**What to do:**
Restate word for word the lines below that run from the one holding "The imported scans" through the one holding "Welcome to this", inclusive. Pictures don't belong in the copy.

Stored items:
= Beginning of Section =

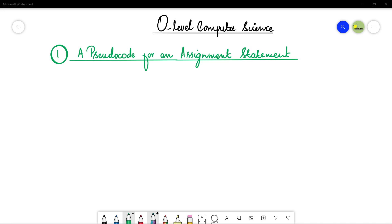Assalamu alaikum students, this is Farwa Batul, your O-level computer science instructor, and welcome to another video related to pseudocodes. We are formally going to start the syntax of pseudocode.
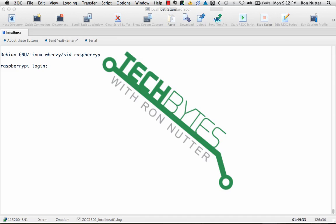Hello and welcome to another edition of Tech Bytes with Ron Nutter. This time we're going to do something a little bit different.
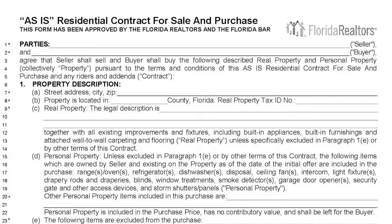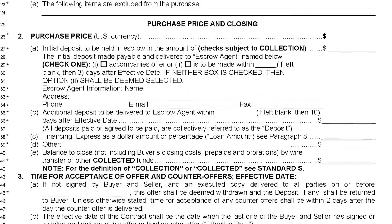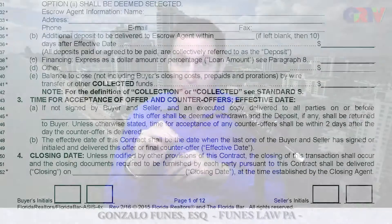This duty to disclose applies both to new and used property. A lot of the time, sellers — just to protect their end — like to try and get around this duty to disclose by using what's known as an as-is clause or contract. The interesting thing, and it behooves you to know this as a buyer, is that the inclusion of an as-is contract or as-is provision does not waive the duty of the seller to disclose hidden defects.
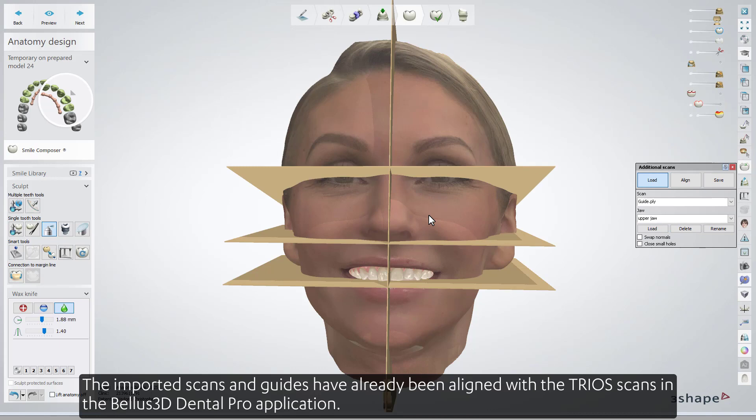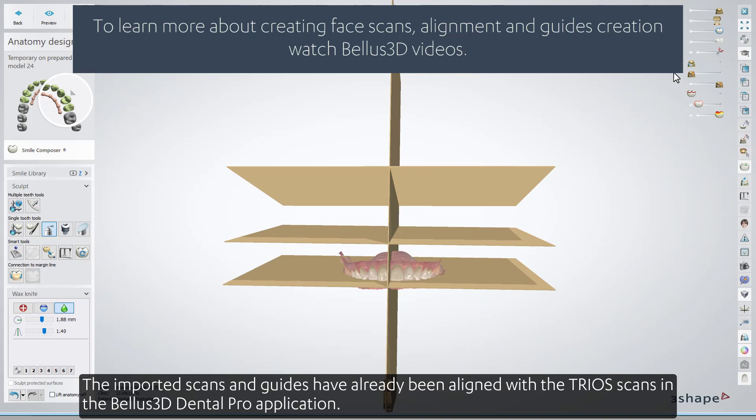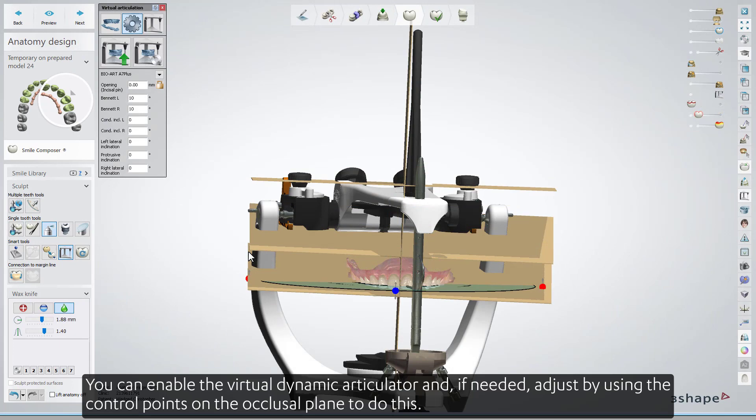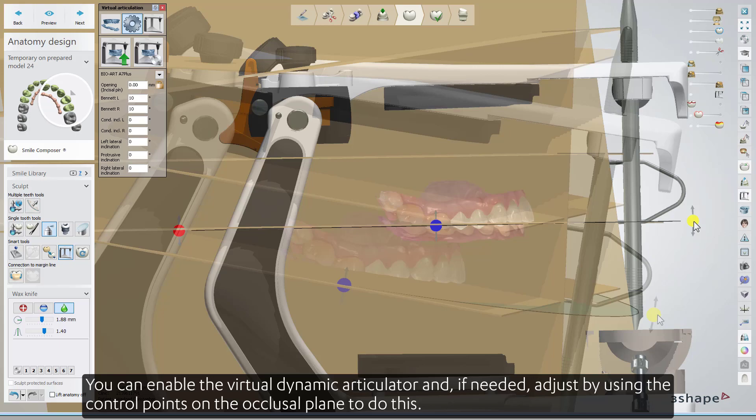The imported scans and guides have already been aligned with the TRIOS scans in the Bellis 3D Dental Pro application. You can enable the Virtual Dynamic Articulator and, if needed, adjust by using the control points on the occlusal plane.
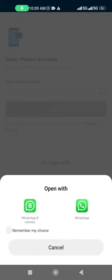So whichever number is registered in ARPCA — whether from regular WhatsApp or WhatsApp Business — you have to tap that. In this case, my WhatsApp Business number is registered with the ARPCA account, so I will click on the WhatsApp Business account.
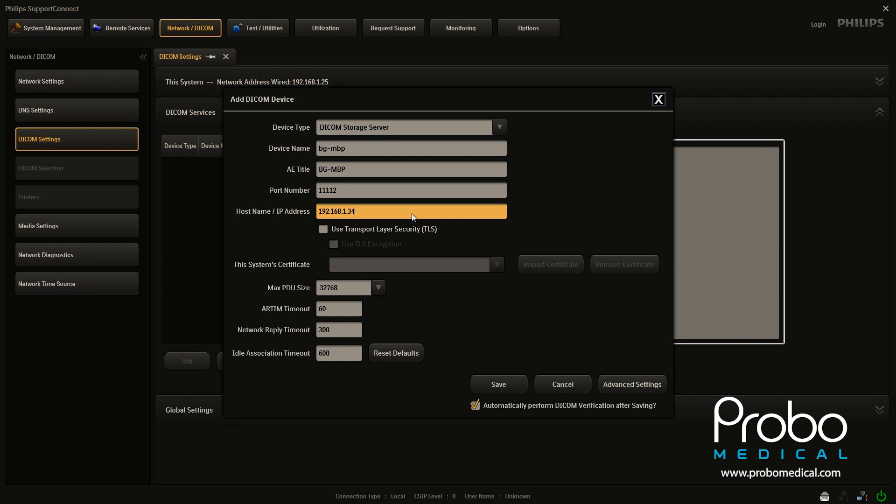The host name and IP address, this is of the server itself. This is not the machine. We've already entered the machine's IP address. This is for the server itself.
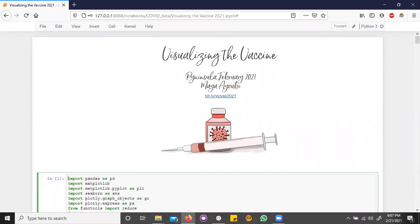Good evening, everyone. My name is Maya Ayubi, and today I'll be talking to you about something we've all been watching very closely, the COVID-19 vaccination rollouts.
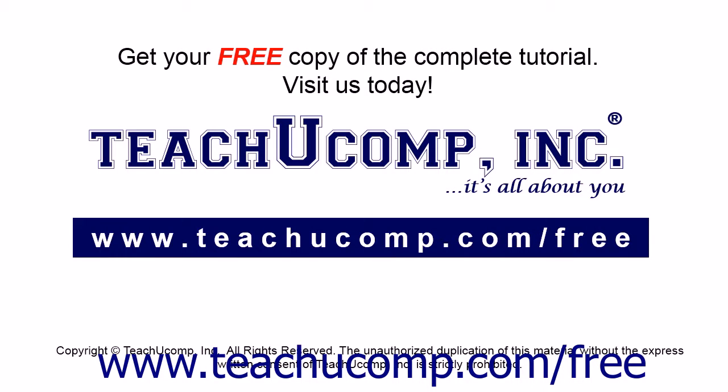Get your free copy of the complete tutorial at www.teachucomp.com/free.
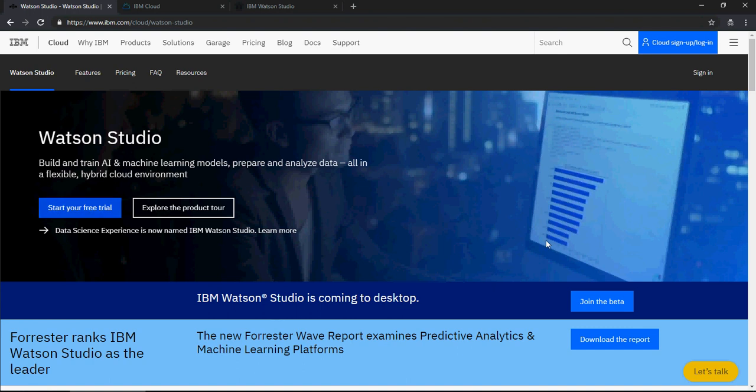Welcome to this video of IBM Watson Studio do-it-yourself tutorials. In this video I'm going to talk about an introduction of Watson Studio and what it is. We will explore the product.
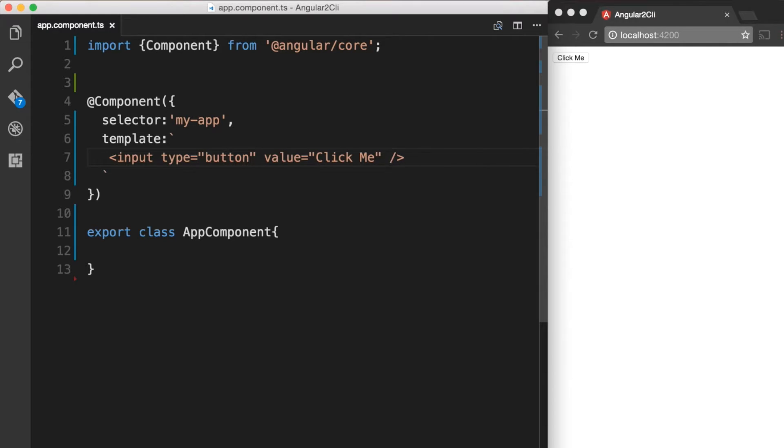So on the button input tag element, we can add the event name clicked, wrapped in parentheses, and set it equal to a statement in quotes that will be evaluated.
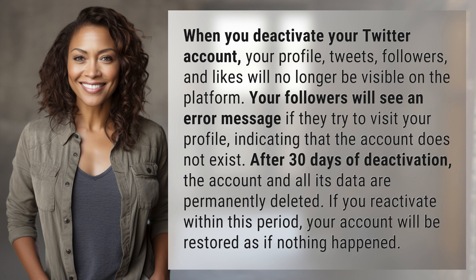After 30 days of deactivation, the account and all its data are permanently deleted. If you reactivate within this period, your account will be restored as if nothing happened.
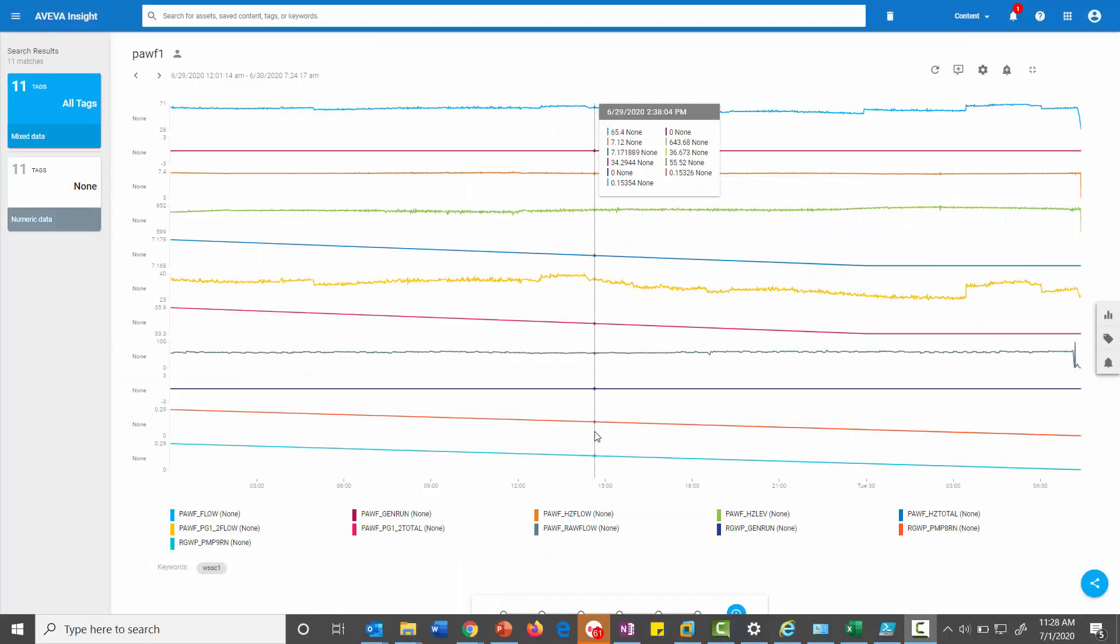The data you're seeing on the screen here was actually uploaded via CSV file. So let's take a look at how that was configured.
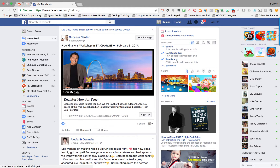Hey guys, Damon O'Hare here at REI Black Book, and I just want to give you guys a couple of Facebook advertising tips. This is going to be really helpful, not just for real estate investors, but to be candid, any business owner, any entrepreneur, or frankly, even if you just want to understand why the heck you see some of the ads you do in your news feed.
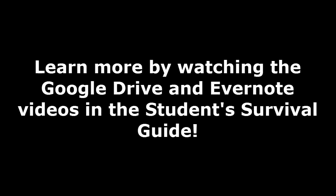You can learn more by watching the Google Drive and Evernote videos in the Student Survival Guide. Thanks for watching!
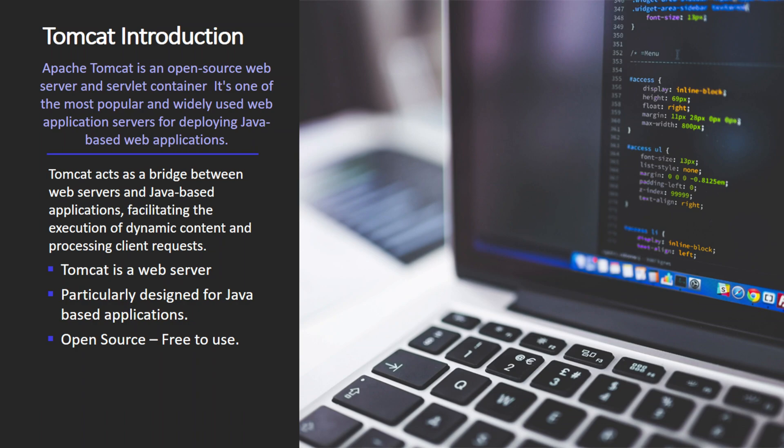The key takeaways from this introduction of Tomcat are: first, Tomcat is a web server; second, it is particularly designed for Java-based applications; and third, it is open source — we don't need any license to use this server. It's free-to-use software.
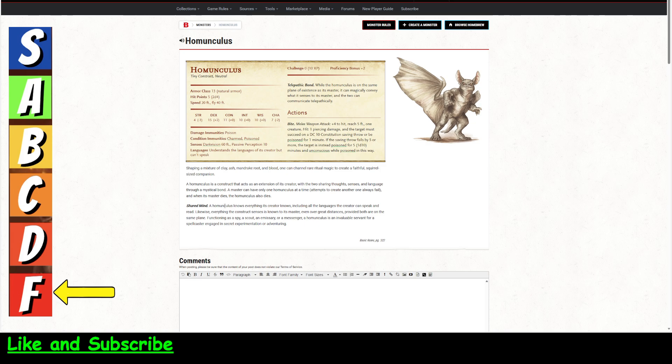And then this says it knows everything its caster knows, including all the languages you speak and read. Likewise, everything the construct senses is known to its master, even over great distances, provided both are on the same plane, functioning as a spy, a scout, emissary, or messenger.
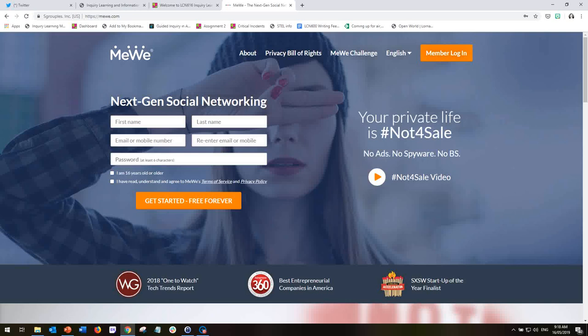Hi everybody, in this tutorial I'm just going to step you through the interface of MeWe, which is the social media platform that we'll be using this semester for all of our communications and interactions with each other.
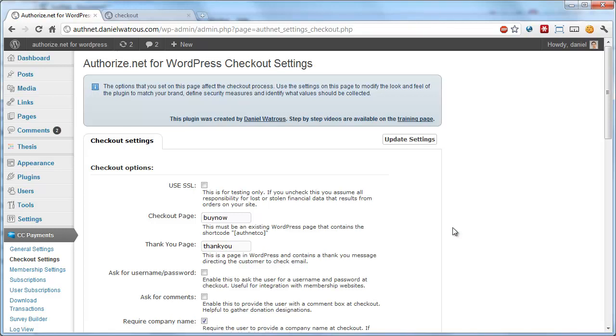In this video, I'll be going over how to modify the look and feel of your checkout forms without having to modify any of the code for the credit card processing plugin.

= End of Section =

**Exercise answer:**
The imported scans and guides have already been aligned with the TRIOS scans in the Bellis 3D Dental Pro application. You can enable the Virtual Dynamic Articulator and, if needed, adjust by using the control points on the occlusal plane.
So whichever number is registered in ARPCA — whether from regular WhatsApp or WhatsApp Business — you have to tap that. In this case, my WhatsApp Business number is registered with the ARPCA account, so I will click on the WhatsApp Business account.
The host name and IP address, this is of the server itself. This is not the machine. We've already entered the machine's IP address. This is for the server itself.
Good evening, everyone. My name is Maya Ayubi, and today I'll be talking to you about something we've all been watching very closely, the COVID-19 vaccination rollouts.
Get your free copy of the complete tutorial at www.teachucomp.com/free.
Welcome to this video of IBM Watson Studio do-it-yourself tutorials. In this video I'm going to talk about an introduction of Watson Studio and what it is. We will explore the product.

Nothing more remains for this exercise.